Welse konnte ich auf der Luxembourger Mosel Seite bei Bech Kleinmacher fangen. Direkt in der Fahrinne.
Grundel auf einen Welshaken und auf Grund oder mit der Upose. Ging ganz gut. Auf der deutschen Seite hatten Angeler zeitgleich Welse gefangen. Scheint einiges an Welsen dort vorzukommen. Grössen von 80cm bis 120cm waren dabei.

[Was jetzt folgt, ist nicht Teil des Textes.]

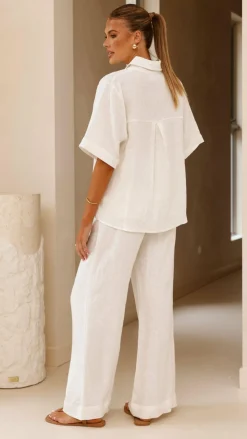 Fashion Allied Tops^Darcila Short Sleeve Button Up Shirt - White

Habe eben mal ein paar Bilder hochgeladen ins Fotoalbum von der Mosel auf der luxembourger Seite:
http://www.anglerboard.de/board/album.php?albumid=6043


----------



## KaulbarschKalle (26. Juni 2014)

*AW: angeln in luxemburg*

Leute wie Schaut's?

konnte die Woche einen kleinen Hecht und ein winzigen Barsch fangen.  

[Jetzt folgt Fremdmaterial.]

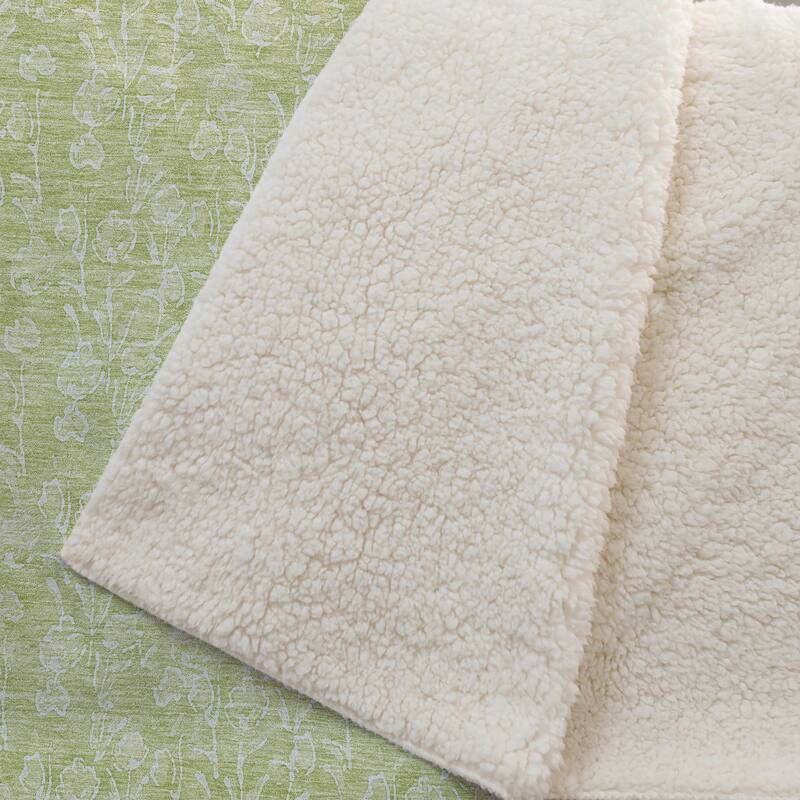 Premium Machine Washable Modern Floral Sherpa Throw Blanket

Aber mit Barschen ist es eher mau wie ich finde. Ich befische alle interessanten Stellen sehr intensiv und habe nichtmals Nachläufer.

Gruß Kalle


----------



## Dimitar (27. Juni 2014)

*AW: angeln in luxemburg*

Hallo,

Ich denke, dass im Moment echt schwierig ist. Keiner hat richtig gefangen. Hab schon einige Angler gefragt, die normalerweise echt erfolgreich sind und keiner hat noch ein Zander in lux überlisten können.


----------



## KaulbarschKalle (30. Juni 2014)

*AW: angeln in luxemburg*

Hey Leute,

gibts hier eigentlich ein Angelshop in der Nähe von Remich?

Viele Grüße


----------



## Dimitar (11. Juli 2014)

*AW: angeln in luxemburg*

Hallo Kalle,

So viel ich weiß,  der einzige Angelshop ist in Wasserbillig.


----------



## tsesar (15. Juli 2014)

*AW: angeln in luxemburg*

Heute mal mit Castern gefischt: einige Güster erlegt (Obermosel).
Erstaunlich wenige Grundeln; hab aber versucht immer weit über dem Grund zu fischen ... (Resultat: 10 Grundeln auf 30 Fische insgesamt).
Betr.: Grundeln: seit über einem Jahr nur noch Schwarzmundgrundeln; keine einzige Kessler mehr in der luxemburgischen Mosel.
Marmorgrundeln hab ich überhaupt noch nie festgestellt.
Wie sieht's bei euch aus?


----------



## Dimitar (17. Juli 2014)

*AW: angeln in luxemburg*

Hallo zusammen,  

Wie sieht bei euch mit den Räubern aus?


----------



## Dimitar (17. Juli 2014)

*AW: angeln in luxemburg*

Bisher lief bei mir echt be*****n! Außer ein kleinen Barsch konnte  ich nix fangen. War aber nur 3 mal in Wasserbillig bis Grevenmacher. Würde mich freuen auf einige Antworten.


----------



## n1c0 (29. Juli 2014)

*AW: angeln in luxemburg*

Läuft es in in der luxemburger Mosel auch so schlecht auf Zander?


----------



## tsesar (30. Juli 2014)

*AW: angeln in luxemburg*

http://www.anglerboard.de/board/album.php?albumid=6067&pictureid=57168

Hab 3 solcher Fische im Stausee von Esch-Sauer gegfangen; handelt es sich um Schneider?


----------



## cyprinusbarbus (30. Juli 2014)

*AW: angeln in luxemburg*

Sieht eher nach Rapfen aus, Schneider würde ich ausschließen ...


tight lines
Tom


----------



## n1c0 (30. Juli 2014)

*AW: angeln in luxemburg*

Würde eher zu Döbel tendieren, wobei wenn ich mir das Maul so ansehe könnte es auch nen Rapfen sein... 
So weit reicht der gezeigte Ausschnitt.